新卒エンジニアが社内システムを1から全てクラウド移行した話

はじめに

こんにちは。21卒エンジニアのなかむーです。二年目になりました。

この記事では、私が一年目の最後に行った集大成のタスクである、社内システムを1から全てクラウド移行した話について書いていこうと思います。タスクの遂行を通して学んだエンジニアとしてのスキルやマインドをお伝えできればなと思います。

特に今新卒エンジニアとして頑張っている人や、新卒エンジニアの教育に携わっている人たちに読んでいただけると嬉しいです。

約5ヶ月ほどのプロジェクトだったので、長文になりました。

背景

このタスクが渡される前(2021年9月頃)、私はチームのエンジニアとして所属しながら以下のような課題感を抱えていました。
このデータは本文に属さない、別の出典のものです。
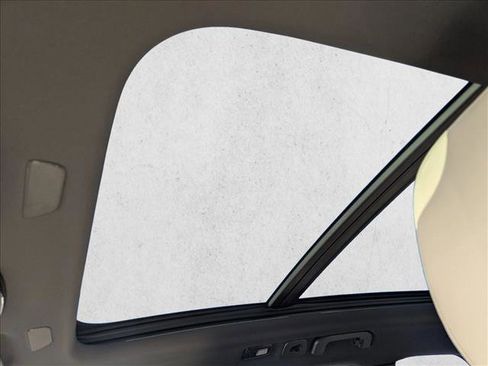 New 2026 Volvo XC60 B5 Plus w/ Climate Package image 5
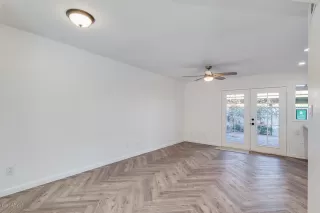 Photo #5: 6035925 Listing 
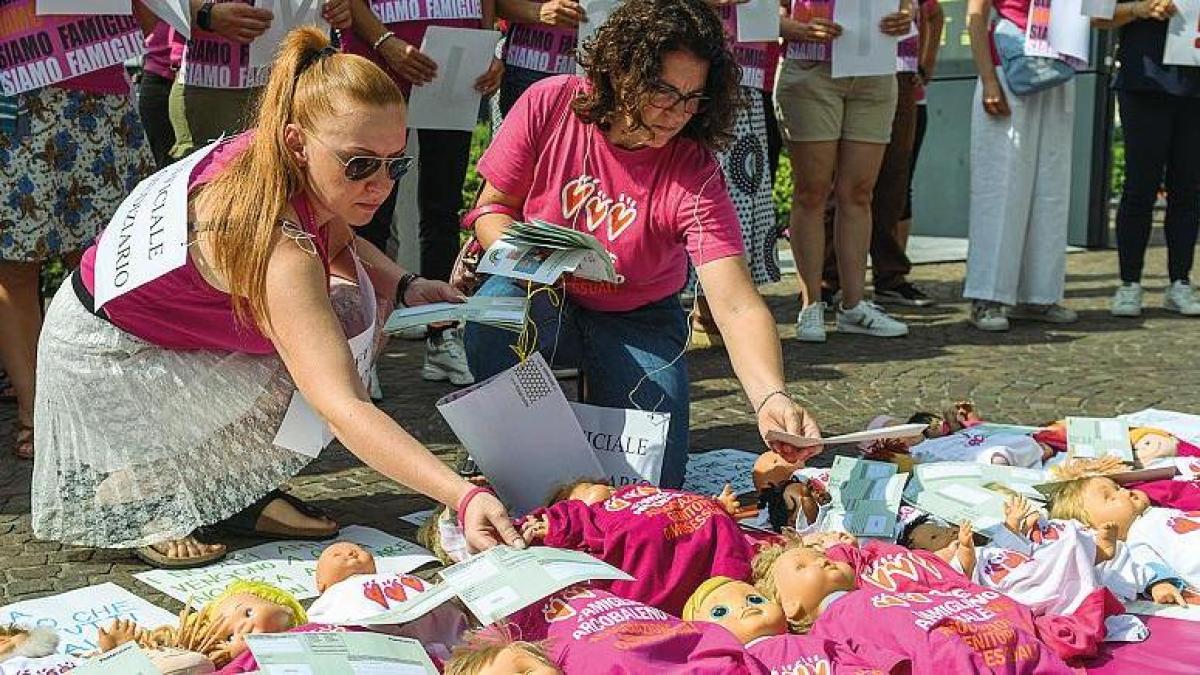 Mamme arcobaleno, a Padova via alle udienze sugli atti di nascita  impugnati: sit-in fuori al tribunale | Corriere.it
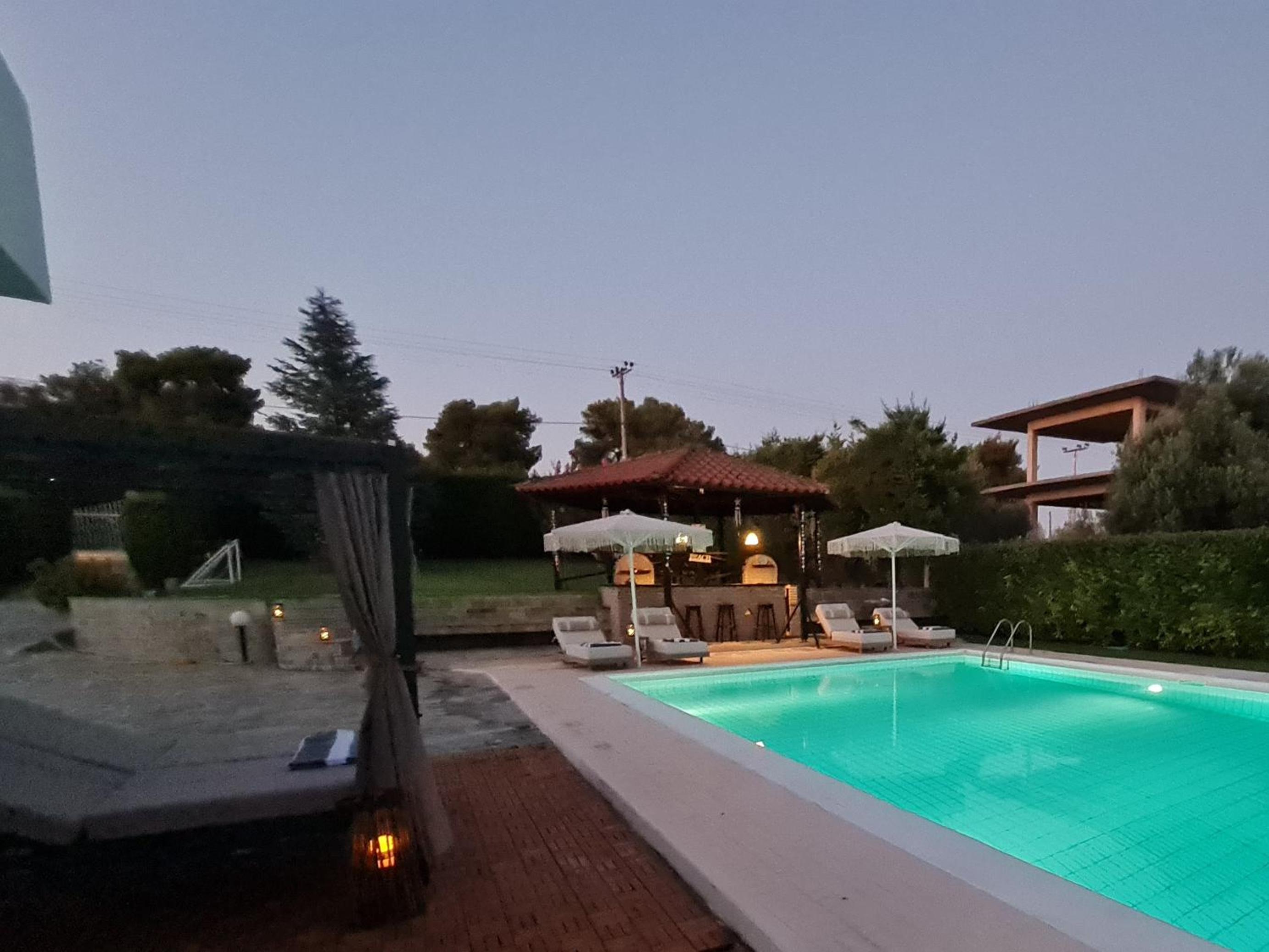 Villa ChrysPa Attica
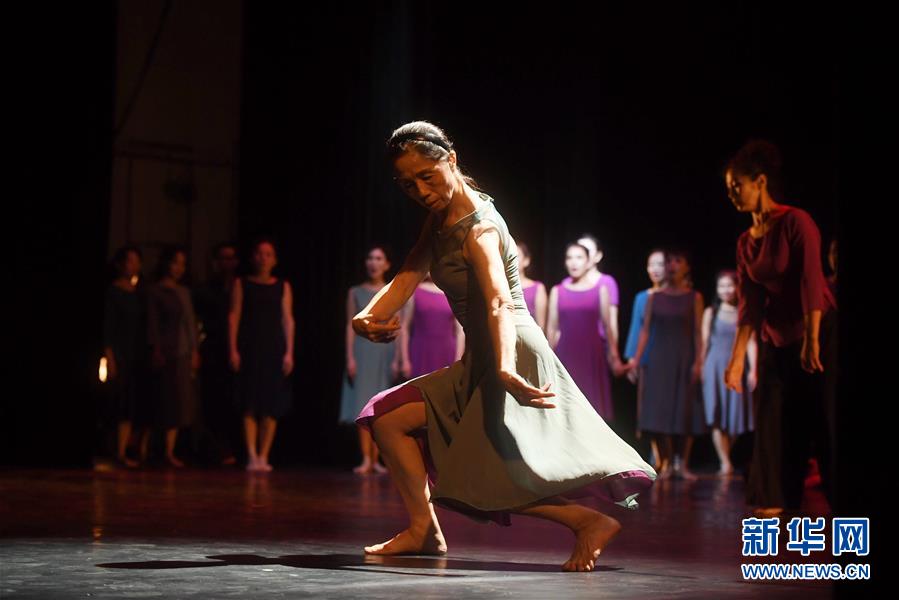&ldquo;大妈&rdquo;现代舞团成员在开幕式上表演舞蹈《随心舞动》。
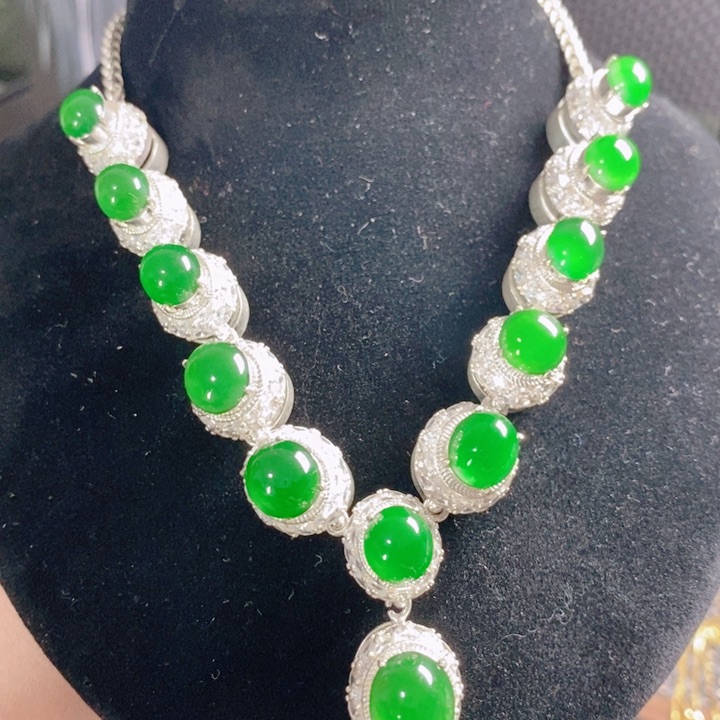 翡翠颈饰未镶嵌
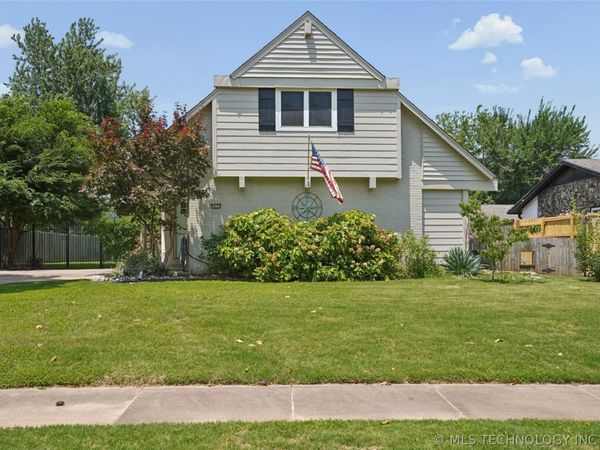 5652 S Boston Avenue , Tulsa, OK 74105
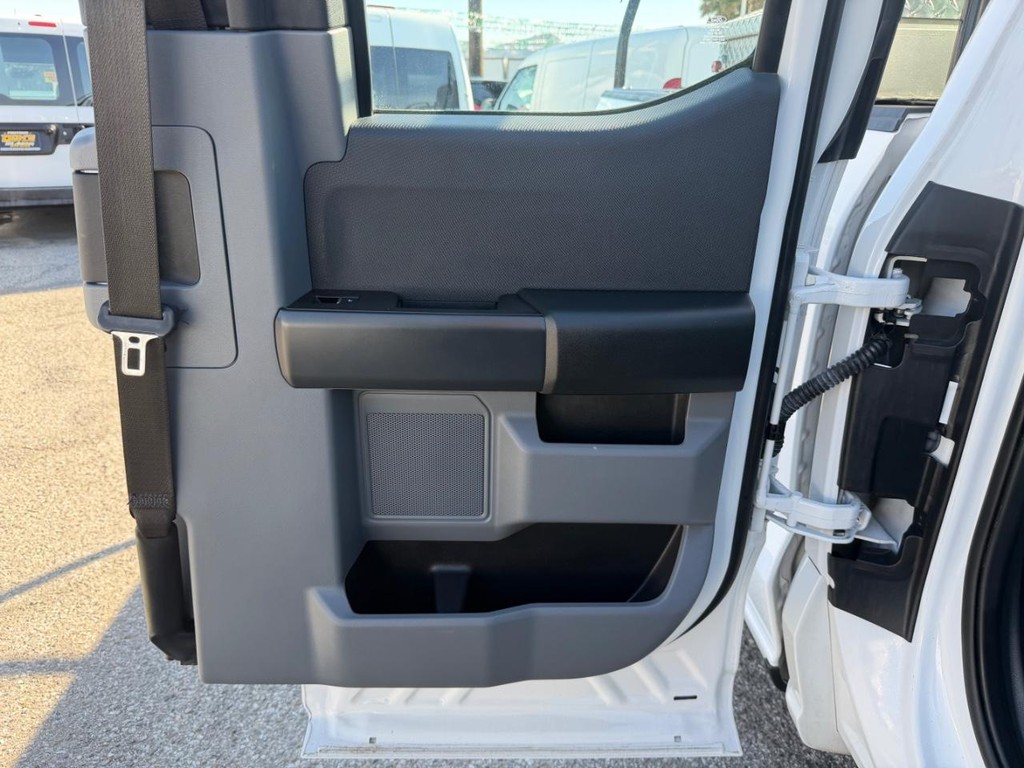 Ford F-150 Vehicle Full-screen Gallery Image 26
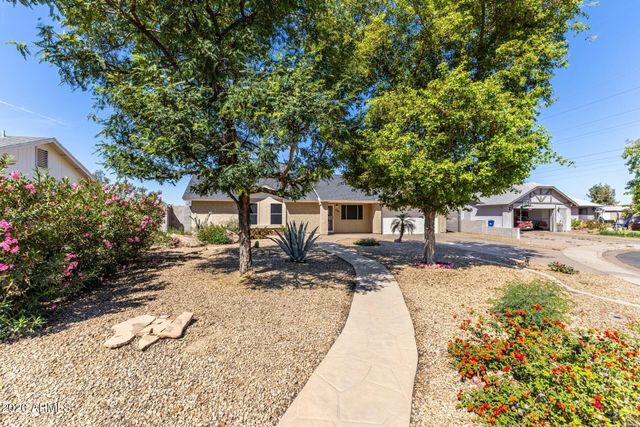 536 N WINTHROP Circle, Mesa, AZ 85213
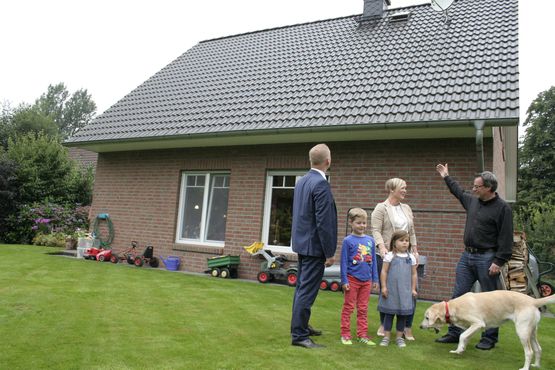Energieberater Norbert Pohl (rechts) erklärt Familie Piechotta anhand des eigenen Daches, welche Möglichkeiten der Solarenergienutzung sie haben.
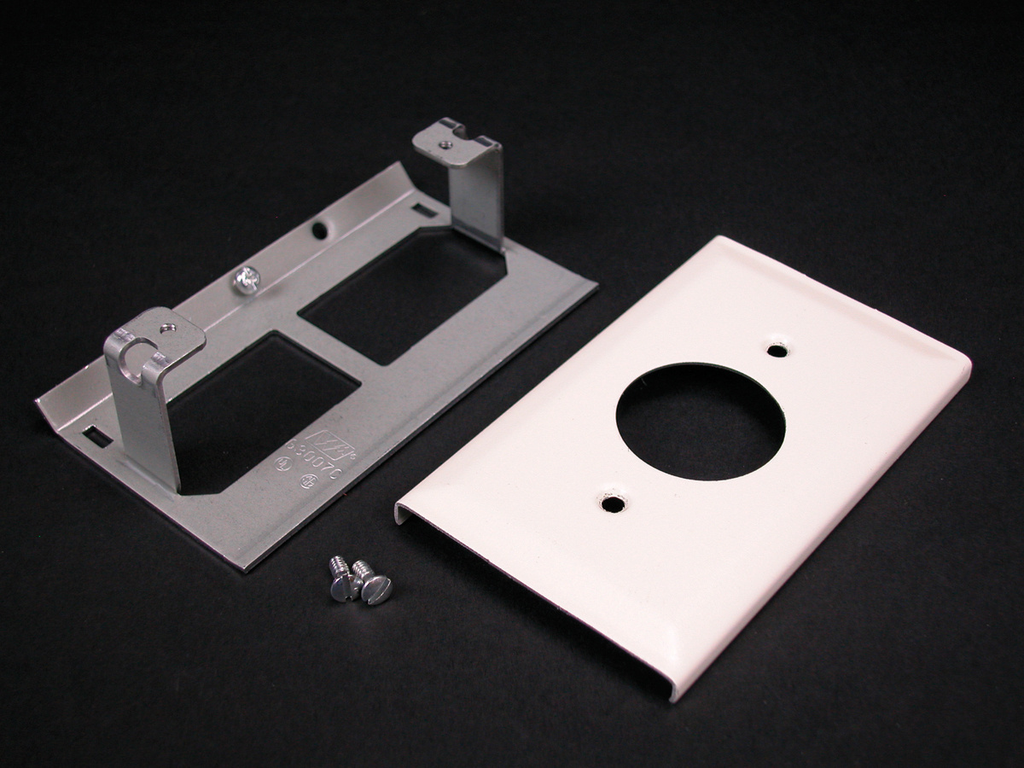 3000 Single Receptacle Cover Fitting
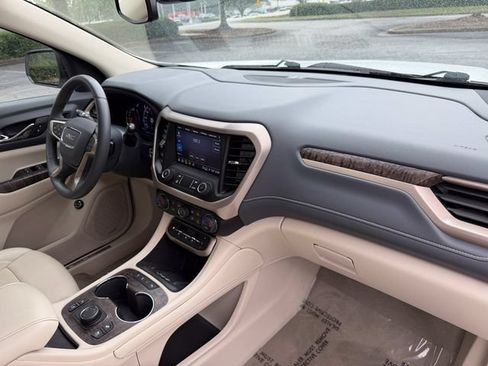 Used 2023 GMC Acadia Denali AWD/4WD image 38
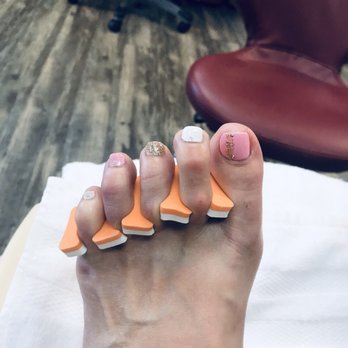 Summer Nails - Nail Salons Near Me - Renton, Washington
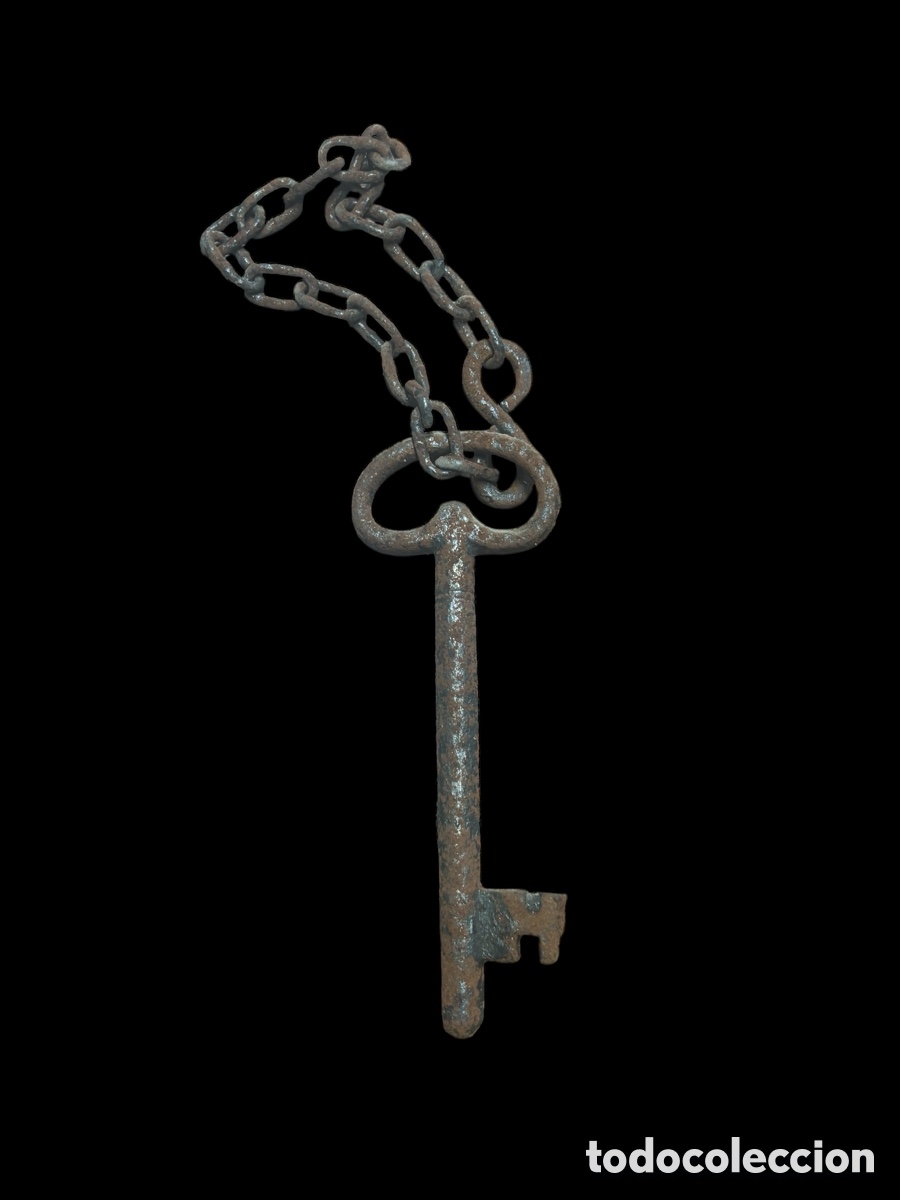 Antig&uuml;edades: Antigua llave de forja. - Foto 1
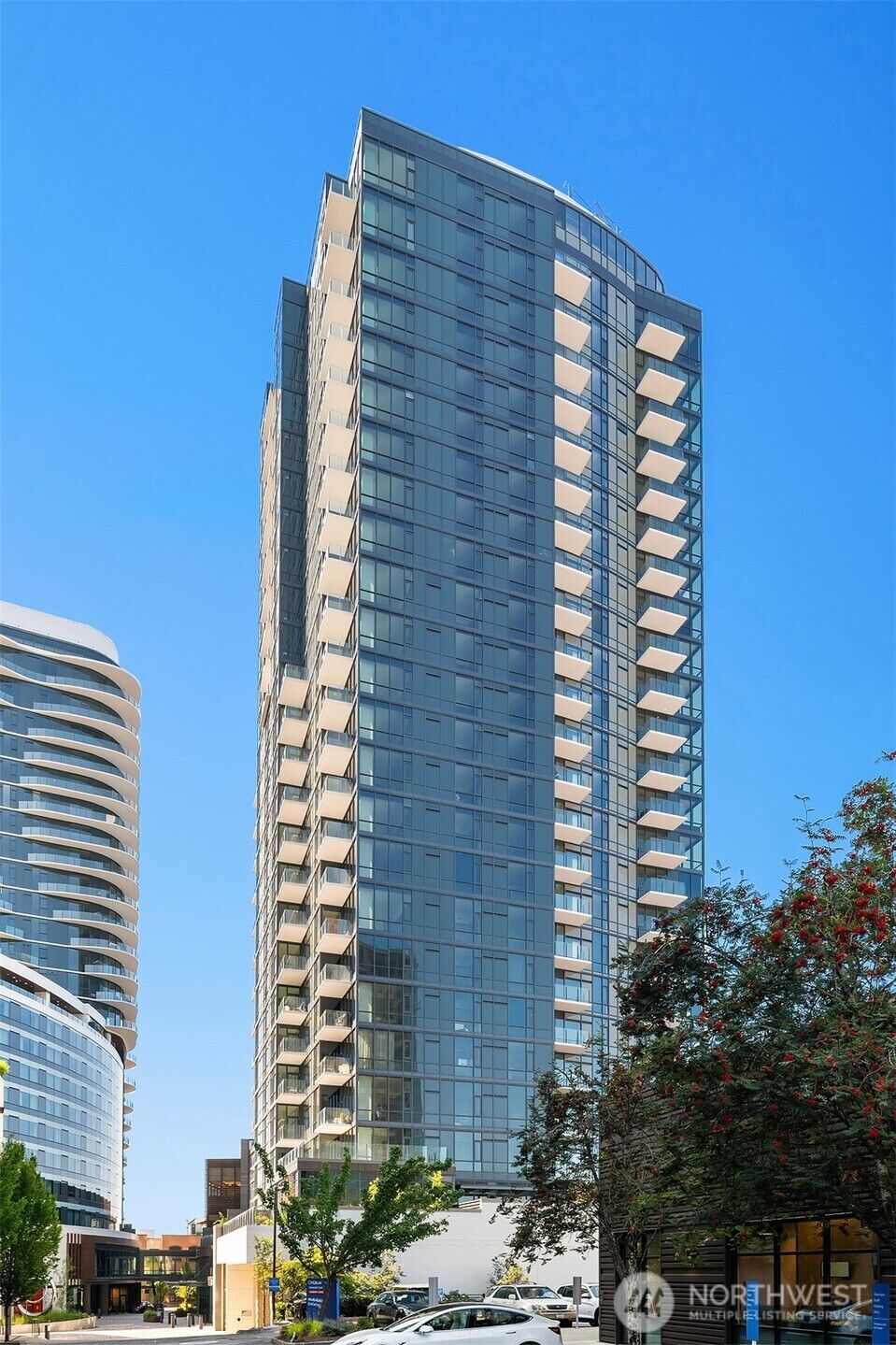 Property Photo: 889 Avenue Square NE 1006 WA 98004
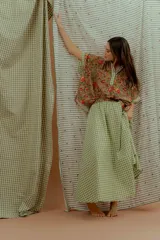 Pollera larga de algodón con diseño de cuadrillé en tono verde, de caída liviana y diseño amplio.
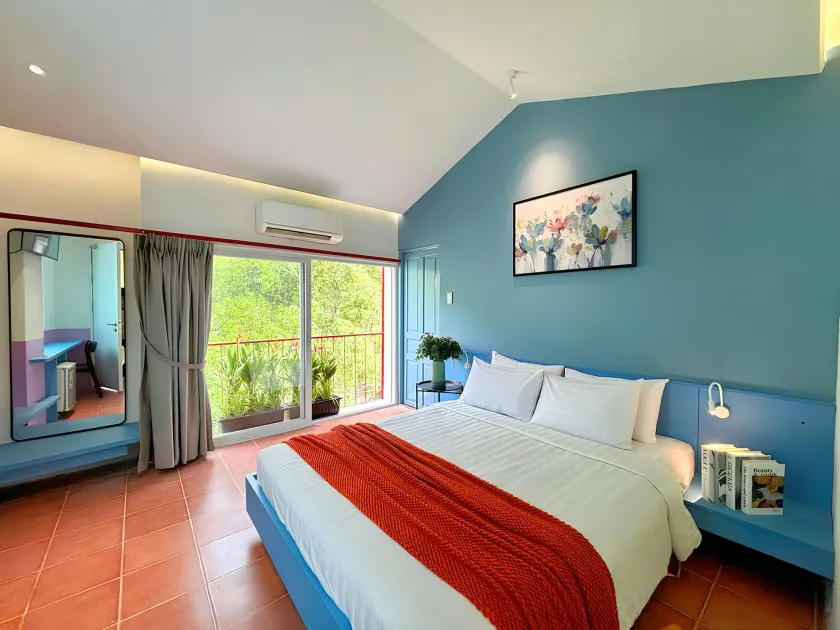 Joi Home Beachfront - Image 1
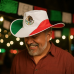 Sombrero decorativo con diseño tricolor y escudo nacional de México. Perfecto para celebraciones patrias, desfiles, fiestas temáticas, venta por mayoreo LU7808 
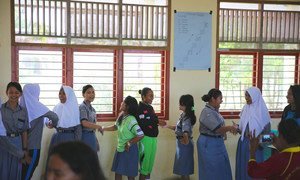 Des élèves chantent une chanson dans le cadre d'un atelier sur la tolérance dans une école en Indonésie.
  • チームのスプリントゴールに関わるメインのタスクではなく、細かいタスクばかりをこなしていた
    • メインのタスクは、期限が厳しかったり技術的に当時の自分ではサクッとこなすのが困難なものが多かった
    • 加えて、チームのタスクの特性として、毎週のように扱う技術や範囲が変わるため、体系的に経験を積むことが困難だった
    • 技術が身についている感じがしなかった
    • 要するに、タスクを優先度順に上からとっていって消化していくという、メンバーの一員としての動きができていなかった
  • 新卒エンジニアから一エンジニアになるには何が足りないのか?を模索していた
    • 技術や調べ方といったスキル的な部分に加え、何かマインド的な部分でも変化が必要なのでは?と思っていた

これらの課題感をチームの振り返りで伝え、教育を兼ねた中規模のタスクが振られることとなりました。今回紹介する話はその中で二つ目に行ったものです。

やったこと(概要)

教育用タスクとして振られたのは、社内システムの一つであるLP管理システムのサーバーをAWSへ移行するというものでした。

LP管理システムとは、LP(ランディングページ)をデザイナーや営業の方が管理・配信するためのシステムです。
LPの登録・編集・削除・配信予約・LPデータのダウンロードなどを行うことができます。

当初は現状の仕様把握と設計の図面を書くところまででがゴールでしたが、やっているうちに最後までやり切りたいと思うようになったので、最後までやり切る道を選びました
構築と手順・構成のコード化に加え、構築の最中に気づいた改善ポイントのアプリケーション改修まで行いました。

やったこと(詳細)

実際にかかった期間と、それについて苦労したことや学びを書いていきます。

現状の仕様把握 (2 weeks)

このシステムは所属している部署内でも詳しい人が数人しかおらず、ドキュメントも古いままだったため設計をする前に現状の仕様把握をする必要がありました。
具体的には、どんなプロセスやミドルウェアがサーバー内で動いているかを調べるため、実際にシステムを触ってみたりサーバー内でコマンドを叩いたりしました。ps, grep, find, netstat, lsofといったよく調査に使うコマンドやそのオプションはこの段階で手に馴染みました。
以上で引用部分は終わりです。